19 March 2016

2016 NCAAs: Round One Recap

The first round of the 2016 NCAAs is in the books, and it was a historic first two days.  My pretty much any measure, this was the most tumultuous first round since the move to 64+ teams.  MSU was the biggest upset victim, but fans of 13 teams saw their NCAA dreams vaporize at the hands of a lesser seeded team.  There were but 32 games in Round One.  If you exclude the four 16-1 games that have never resulted in an upset, one could've done just about as well flipping coin to determine the outcome of the remaining 28 games than immersing oneself into hours or research in pursuit of bracket pool glory.  That is a stunning statement on so many different levels.

The sun has risen for the weekend with Round two set to tip off shortly, and the results of the Round One carnage is everywhere in your carefully planned brackets.  For example today there is just one out of eight games that held to chalk. Tomorrow just three of eight games held to chalk.  But fret not that your bracket has been taken over by the red tide of march madness.  Even if you were smart enough to use kenpom ratings as your guide to filling out your brackets your bracket would look wiped out (8/32 first round misses, 3/16 sweet 16 spots already guaranteed to be wrong, 2/8 of elite eight are sayonara) but it is still good enough for 93rd percentile amongst all brackets.

Below is the conference level summary of the round one carnage.  Amongst the major conferences the ACC and Big East withstood the lower seed barrage and actually outperformed expectations with one more team still playing than implied by the seeding.  The Pac12 was the biggest loser as they were expected to have 7 teams playing over this weekend but are left with just two standing.  The Big 12 which has been widely lauded as the best conference in the land (and we still agree) but of the seven teams expected to advance only three survived round one.  The B1G also got bloodied with Sparty and Purdue going down.

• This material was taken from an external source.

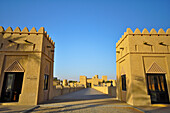 Vereinigte Arabische Emirate, Abu Dahbi, Wüste Liwa, Qasr al Sarab Hoteleingangsbrücke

Amonst the midmajors the MVC looks pretty darn good right about now.  The conference was projected to be done by now yet both of its teams (Wichita St and N Iowa) still stand (Wichita St alone has matched the Pac 12's two win output).  And let's hear it for the one-bid smaller conferences!  None were supposed to have teams remaining yet six of those teams remain standing.  

All told the NCAA seeding implied teams from just seven conferences would be playing in Round Two.  Fifteen conferences are still alive.  Thank goodness that games are not played in the minds of the committee members.